Each Named Officer’s stock option award has a normal (and maximum) term of five years, although this term may be shortened if the Named Officer’s employment terminates. Unless exercised, Named Officer’s stock options will generally terminate three months after the date of the Named Officer’s termination of employment. However, the stock option award will terminate six months after the date of the Named Officer’s termination of employment if the termination of employment occurs as a result of the officer’s death or total and permanent disability. The stock option award will terminate seven days after the Named Officer’s termination of employment, if the termination of employment is for reasons constituting cause.
The options granted to the Named Officers do not include any dividend, dividend equivalent or other stockholder rights.

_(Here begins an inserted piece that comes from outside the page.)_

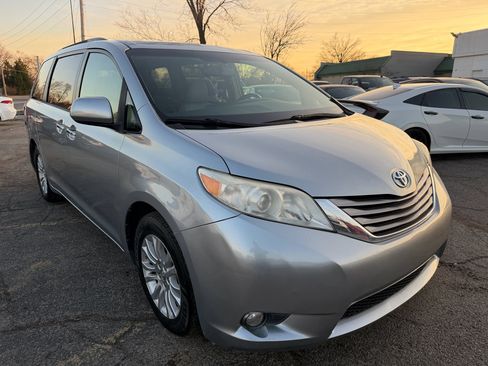 Used 2015 Toyota Sienna XLE Premium image 13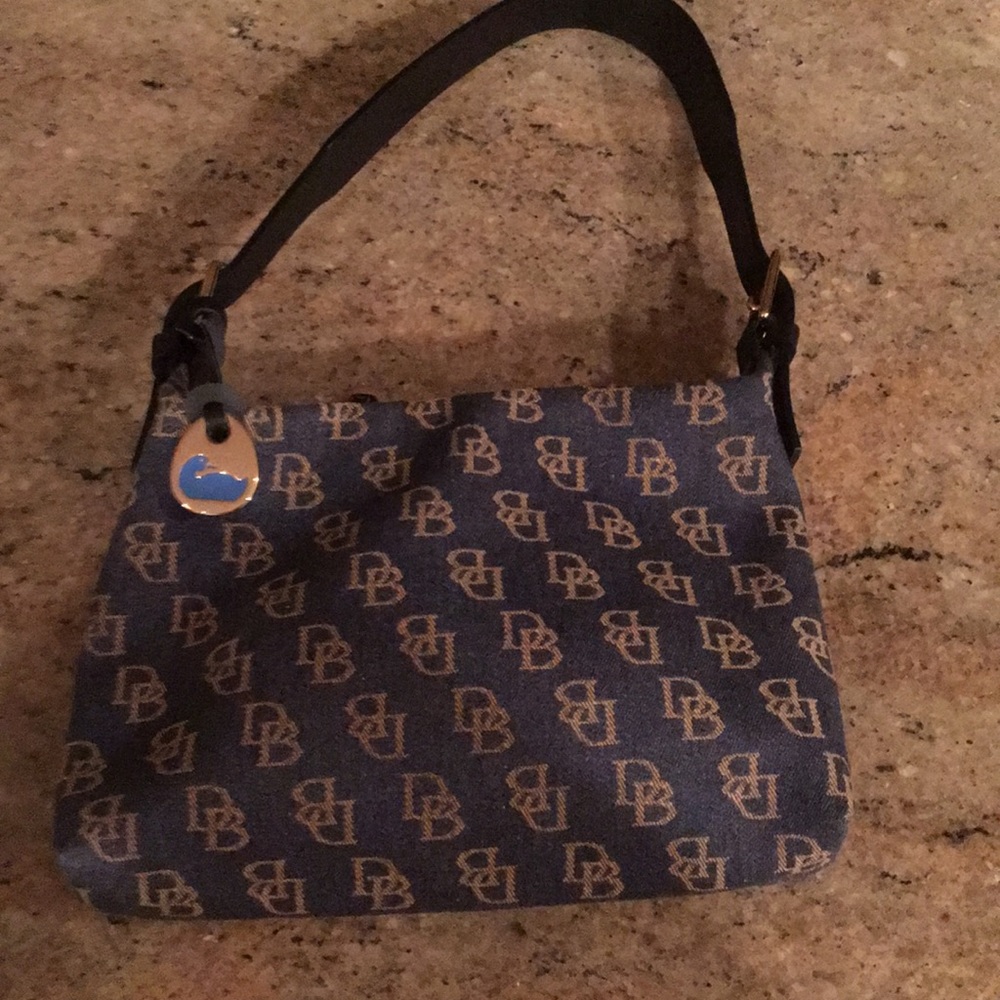 Small shoulder Dooney and Bourke bag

Stock option awards are generally only transferable to a beneficiary of a Named Officer upon his death.
The Compensation and Nominating Committee administers the 2001 Plan and has the ability to interpret and make all required determinations under the plan, subject to plan limits. This authority includes making required proportionate adjustments to outstanding options to reflect any impact resulting from various corporate events such as combinations, consolidations, recapitalizations or stock splits.
Description of Restricted Shares Awarded to Mr. Walker
Following his resignation as an executive officer in April 2006, Mr. Walker was granted 15,000 shares of restricted stock. The shares of restricted stock are actual shares of Magma’s common stock that are subject to forfeiture prior to becoming vested. As such, Mr. Walker is entitled to the same voting and dividend rights with respect to his restricted shares as our other stockholders. Mr. Walker’s restricted shares vested in substantially equal quarterly installments on each of August 4, 2006, November 4, 2006, February 4, 2007 and April 3, 2007. As a result, all of Mr. Walker’s restricted shares were vested as of immediately after the end of our 2007 fiscal year.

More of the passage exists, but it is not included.